Blood Journal
Leading the way in experimental and clinical research in hematology

Pyruvate Kinase (PK) Deficiency Hereditary Nonspherocytic Hemolytic Anemia

  1. KOUICHI R. TANAKA, M.D., Associate Professor of Medicine,
  2. WILLIAM N. VALENTINE, M.D., Professor of Medicine, and
  3. SHIRO MIWA, M.D., Junior Research Hematologist
  1. Department of Medicine, University of California Medical Center, and Wadsworth Hospital, Veterans Administration Center, Los Angeles, Calif.
  2. University of California Medical Center, Los Angeles, Calif.
  3. University of California Medical Center, Los Angeles, Calif.
  4. University of California Medical Center, and Visiting Investigator, University of Tokyo, Japan.


1. The erythrocytes of seven patients conforming to the criteria of Type II congenital nonspherocytic hemolytic anemia have been demonstrated to have a specific deficiency in the glycolytic enzyme pyruvate kinase. Other glycolytic enzymes, glucose-6-phosphate and 6-phosphogluconic dehydrogenases, and certain non-glycolytic erythrocyte enzymes are normally active. The leukocytes of these patients possess normal pyruvate kinase activity.

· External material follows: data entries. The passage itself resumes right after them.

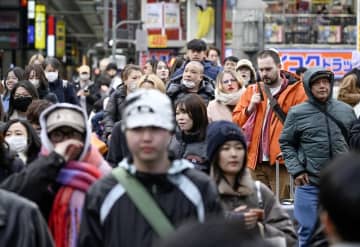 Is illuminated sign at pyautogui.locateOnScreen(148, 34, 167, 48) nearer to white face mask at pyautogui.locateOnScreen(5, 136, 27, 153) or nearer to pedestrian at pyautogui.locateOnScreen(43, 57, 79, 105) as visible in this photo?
pedestrian at pyautogui.locateOnScreen(43, 57, 79, 105)

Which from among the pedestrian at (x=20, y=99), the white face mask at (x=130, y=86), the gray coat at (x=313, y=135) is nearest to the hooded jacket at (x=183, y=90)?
the white face mask at (x=130, y=86)

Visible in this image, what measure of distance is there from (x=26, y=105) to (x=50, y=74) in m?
3.54

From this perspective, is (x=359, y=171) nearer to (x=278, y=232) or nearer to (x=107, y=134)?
(x=278, y=232)

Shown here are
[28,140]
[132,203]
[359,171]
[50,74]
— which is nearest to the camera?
[359,171]

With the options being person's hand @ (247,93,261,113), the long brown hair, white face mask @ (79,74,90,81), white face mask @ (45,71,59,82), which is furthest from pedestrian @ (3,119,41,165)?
white face mask @ (79,74,90,81)

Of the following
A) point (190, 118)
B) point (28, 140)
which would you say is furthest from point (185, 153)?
point (28, 140)

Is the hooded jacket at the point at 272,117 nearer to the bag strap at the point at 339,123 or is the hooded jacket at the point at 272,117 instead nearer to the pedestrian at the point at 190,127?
the bag strap at the point at 339,123

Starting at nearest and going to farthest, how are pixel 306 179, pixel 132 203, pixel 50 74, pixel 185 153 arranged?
1. pixel 132 203
2. pixel 185 153
3. pixel 306 179
4. pixel 50 74

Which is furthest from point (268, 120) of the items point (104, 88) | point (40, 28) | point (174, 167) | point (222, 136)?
point (40, 28)

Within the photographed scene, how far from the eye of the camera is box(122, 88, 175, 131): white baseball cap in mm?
5641

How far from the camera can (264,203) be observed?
22.8ft

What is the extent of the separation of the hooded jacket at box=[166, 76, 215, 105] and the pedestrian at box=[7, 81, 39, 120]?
4.74 ft

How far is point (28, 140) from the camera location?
27.1 ft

2. Although no inhibitors were detected, the exact nature of the enzymatic defect remains to be elucidated.

3. Family studies provide strong evidence for a genetically determined disorder and are consistent with an autosomal recessive transmission of the defect. A partial enzyme deficiency, not reflected in clinical disease, is present in heterozygotes. The symptomatic disease, though variable in severity, appears to be due to homozygosity for the defect.

4. It is suggested that the enzyme deficiency is pathogenetically related to the premature demise of the red cells in vivo.

5. The name "pyruvate kinase (PK) deficiency hereditary nonspherocytic hemolytic anemia" is proposed for these patients.